Nie spieszy mi się do domu. Powoli przechadzam się ułożoną z desek ścieżką, uważnie obserwując, co dzieje się wokół mnie. Ludzie często nie zwracają uwagi na to, co ich otacza. Ze mną jest trochę inaczej. Dostrzegam szczegóły. Gdy mijam obcych ludzi na ulicy, często się zastanawiam, jakie są ich historie. Bo przecież każdy jakieś ma. 

- Camila! - Słyszę swoje imię w oddali. 

Zatrzymuję się i odruchowo oglądam w tył. Zauważam ciemną postać, biegnącą w moim kierunku. Normanie, bym się przestraszyła, ale doskonale wiem, któż to taki. 

- Cześć, Ally - witam się z przyjaciółką. 
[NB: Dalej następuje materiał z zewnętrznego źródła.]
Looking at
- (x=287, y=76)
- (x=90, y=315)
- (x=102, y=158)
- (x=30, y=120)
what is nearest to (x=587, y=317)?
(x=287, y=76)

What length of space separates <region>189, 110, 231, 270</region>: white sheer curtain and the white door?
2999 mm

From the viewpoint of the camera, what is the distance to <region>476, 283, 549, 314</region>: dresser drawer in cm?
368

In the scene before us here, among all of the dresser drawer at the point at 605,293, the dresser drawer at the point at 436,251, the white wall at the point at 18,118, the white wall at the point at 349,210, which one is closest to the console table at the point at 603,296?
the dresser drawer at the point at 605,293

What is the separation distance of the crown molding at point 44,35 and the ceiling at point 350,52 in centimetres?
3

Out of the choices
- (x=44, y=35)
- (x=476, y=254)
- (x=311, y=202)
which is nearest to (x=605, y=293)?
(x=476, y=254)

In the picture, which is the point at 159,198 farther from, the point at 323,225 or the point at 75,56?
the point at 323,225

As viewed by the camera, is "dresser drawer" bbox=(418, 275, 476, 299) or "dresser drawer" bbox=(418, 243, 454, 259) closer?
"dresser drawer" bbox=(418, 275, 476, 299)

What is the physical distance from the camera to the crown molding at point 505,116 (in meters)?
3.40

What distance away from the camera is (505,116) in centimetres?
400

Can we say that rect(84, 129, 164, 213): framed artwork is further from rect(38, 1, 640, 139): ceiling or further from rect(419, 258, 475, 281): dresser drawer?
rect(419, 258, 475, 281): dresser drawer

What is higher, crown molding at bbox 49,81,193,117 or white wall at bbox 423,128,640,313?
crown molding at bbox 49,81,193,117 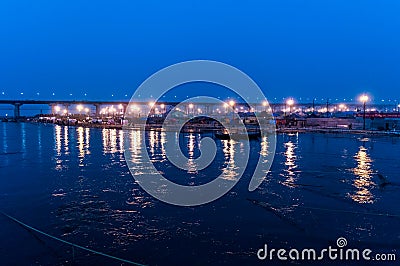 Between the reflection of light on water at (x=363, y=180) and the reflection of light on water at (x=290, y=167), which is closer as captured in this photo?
the reflection of light on water at (x=363, y=180)

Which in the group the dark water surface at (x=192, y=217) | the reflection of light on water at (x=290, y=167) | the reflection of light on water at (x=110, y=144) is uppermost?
the reflection of light on water at (x=110, y=144)

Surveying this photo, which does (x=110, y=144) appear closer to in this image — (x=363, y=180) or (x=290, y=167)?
(x=290, y=167)

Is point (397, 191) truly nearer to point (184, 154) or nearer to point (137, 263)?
point (137, 263)

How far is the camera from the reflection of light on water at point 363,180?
12.1 m

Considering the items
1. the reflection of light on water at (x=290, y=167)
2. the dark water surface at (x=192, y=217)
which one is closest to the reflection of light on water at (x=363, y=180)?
the dark water surface at (x=192, y=217)

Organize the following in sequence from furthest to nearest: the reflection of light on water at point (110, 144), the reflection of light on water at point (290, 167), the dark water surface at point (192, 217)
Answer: the reflection of light on water at point (110, 144) → the reflection of light on water at point (290, 167) → the dark water surface at point (192, 217)

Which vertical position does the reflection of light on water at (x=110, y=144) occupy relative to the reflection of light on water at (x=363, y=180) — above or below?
above

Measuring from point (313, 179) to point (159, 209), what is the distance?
24.9 ft

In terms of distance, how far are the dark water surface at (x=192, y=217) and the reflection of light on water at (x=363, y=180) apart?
48 millimetres

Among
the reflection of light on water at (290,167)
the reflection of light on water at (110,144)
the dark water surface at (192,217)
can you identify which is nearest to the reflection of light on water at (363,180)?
the dark water surface at (192,217)

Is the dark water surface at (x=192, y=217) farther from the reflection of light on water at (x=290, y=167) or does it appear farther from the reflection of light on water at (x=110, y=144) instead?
the reflection of light on water at (x=110, y=144)

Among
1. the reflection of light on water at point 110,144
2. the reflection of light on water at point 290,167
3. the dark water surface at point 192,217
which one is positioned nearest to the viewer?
the dark water surface at point 192,217

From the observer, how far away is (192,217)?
1019cm

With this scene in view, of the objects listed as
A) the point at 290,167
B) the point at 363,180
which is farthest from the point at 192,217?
the point at 290,167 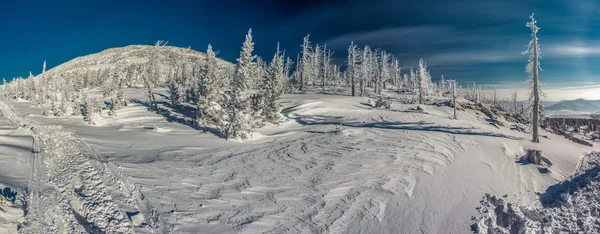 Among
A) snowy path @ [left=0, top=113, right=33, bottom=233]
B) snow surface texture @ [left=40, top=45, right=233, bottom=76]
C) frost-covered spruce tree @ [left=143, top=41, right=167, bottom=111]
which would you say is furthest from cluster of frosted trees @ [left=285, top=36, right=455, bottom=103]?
snow surface texture @ [left=40, top=45, right=233, bottom=76]

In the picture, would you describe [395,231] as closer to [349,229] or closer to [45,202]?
[349,229]

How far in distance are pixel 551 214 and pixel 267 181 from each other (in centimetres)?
958

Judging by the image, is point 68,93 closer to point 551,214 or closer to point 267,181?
point 267,181

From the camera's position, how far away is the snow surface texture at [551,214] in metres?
8.22

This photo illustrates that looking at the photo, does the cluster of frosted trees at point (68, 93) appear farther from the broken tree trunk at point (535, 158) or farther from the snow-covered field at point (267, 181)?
the broken tree trunk at point (535, 158)

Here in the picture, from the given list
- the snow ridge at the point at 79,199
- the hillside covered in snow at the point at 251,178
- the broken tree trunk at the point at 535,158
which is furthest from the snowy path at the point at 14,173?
the broken tree trunk at the point at 535,158

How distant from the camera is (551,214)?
8883 mm

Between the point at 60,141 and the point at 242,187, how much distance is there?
14.7 metres

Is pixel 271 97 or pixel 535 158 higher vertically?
pixel 271 97

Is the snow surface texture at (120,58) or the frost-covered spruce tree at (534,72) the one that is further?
the snow surface texture at (120,58)

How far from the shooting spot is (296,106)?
42.5 metres

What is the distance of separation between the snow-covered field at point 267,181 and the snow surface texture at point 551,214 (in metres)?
0.68

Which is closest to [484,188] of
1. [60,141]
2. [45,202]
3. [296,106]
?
[45,202]

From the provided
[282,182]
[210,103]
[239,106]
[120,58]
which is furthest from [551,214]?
[120,58] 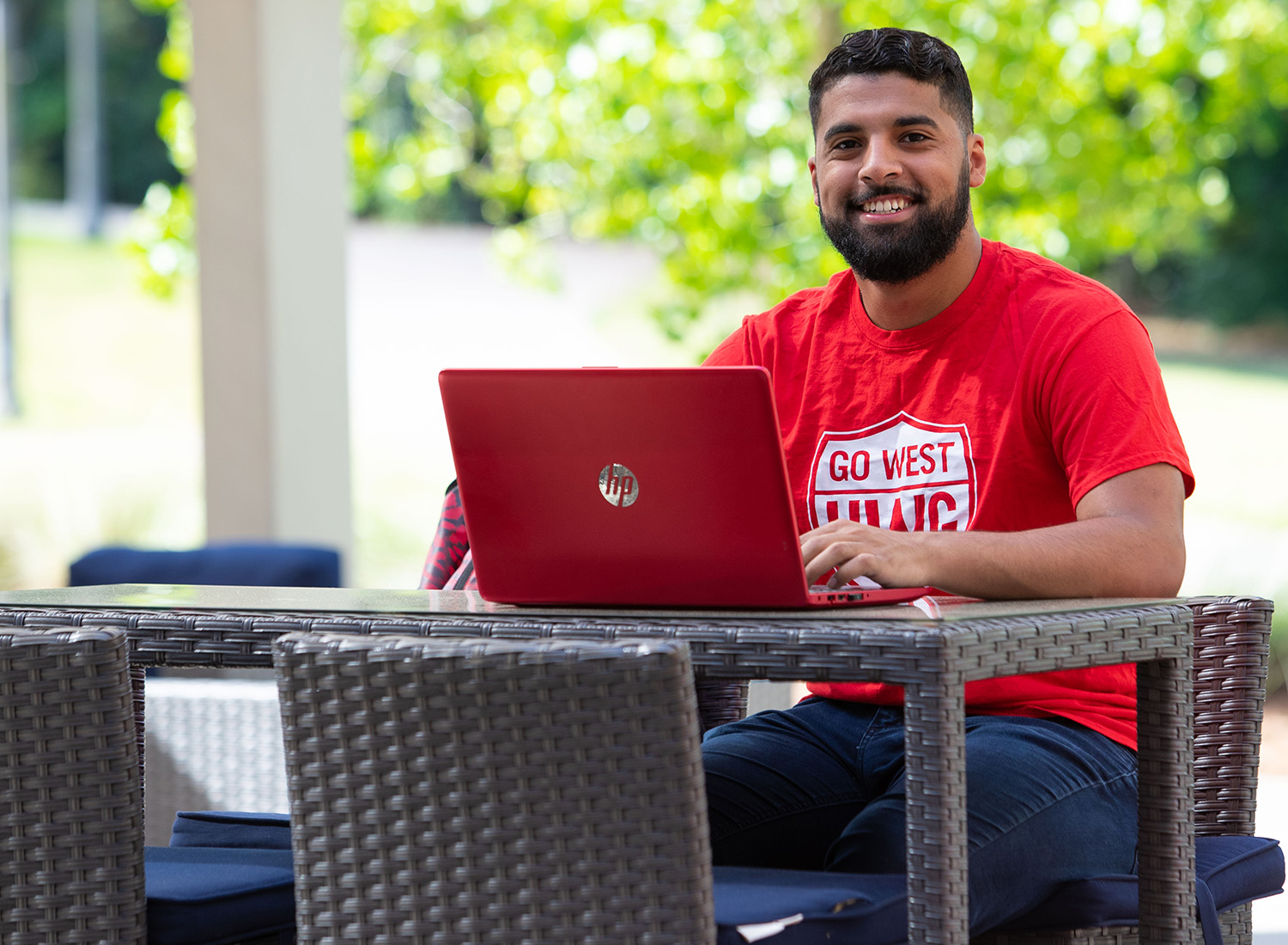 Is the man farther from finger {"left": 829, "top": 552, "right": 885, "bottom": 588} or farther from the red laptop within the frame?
the red laptop

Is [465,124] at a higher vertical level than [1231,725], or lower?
higher

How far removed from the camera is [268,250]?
448 cm

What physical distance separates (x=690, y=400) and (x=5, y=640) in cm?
69

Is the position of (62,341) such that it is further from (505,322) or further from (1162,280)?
(1162,280)

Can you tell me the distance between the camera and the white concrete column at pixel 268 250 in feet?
14.7

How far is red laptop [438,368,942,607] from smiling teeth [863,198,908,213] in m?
0.69

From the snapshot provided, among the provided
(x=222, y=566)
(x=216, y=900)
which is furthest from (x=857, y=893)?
(x=222, y=566)

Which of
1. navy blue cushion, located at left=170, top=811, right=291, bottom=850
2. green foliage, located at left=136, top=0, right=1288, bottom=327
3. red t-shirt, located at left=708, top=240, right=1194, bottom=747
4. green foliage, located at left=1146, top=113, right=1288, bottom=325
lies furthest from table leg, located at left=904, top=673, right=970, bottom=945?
green foliage, located at left=1146, top=113, right=1288, bottom=325

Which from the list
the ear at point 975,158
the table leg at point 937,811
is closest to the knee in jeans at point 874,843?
the table leg at point 937,811

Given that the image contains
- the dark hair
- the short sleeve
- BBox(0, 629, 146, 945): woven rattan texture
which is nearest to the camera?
BBox(0, 629, 146, 945): woven rattan texture

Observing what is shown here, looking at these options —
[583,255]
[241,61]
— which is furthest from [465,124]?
[583,255]

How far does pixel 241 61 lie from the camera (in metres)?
4.45

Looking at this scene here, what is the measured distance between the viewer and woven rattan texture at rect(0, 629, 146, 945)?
145cm

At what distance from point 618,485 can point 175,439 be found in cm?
1532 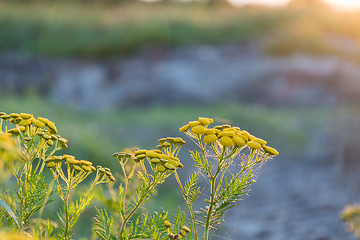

- Biegnę... za tobą... od... kawiarni... - dyszy, próbując złapać oddech. 

- Popracuj nad kondycją. 

- Uczę dzieci pływać! Z moją kondycją jest wszystko w porządku! - broni się. - Umieram z głodu. Skoczymy razem coś zjeść?

- Burgery na rogu?

- Z przyjemnością. 

Ruszamy w kierunku naszej ulubionej knajpki. Jemy tam przynajmniej raz w tygodniu od ponad roku i jeszcze nam się nie znudziła. To dobry przykład na to, że w tym kraju jeszcze gdzieś serwują dobre fast-foody.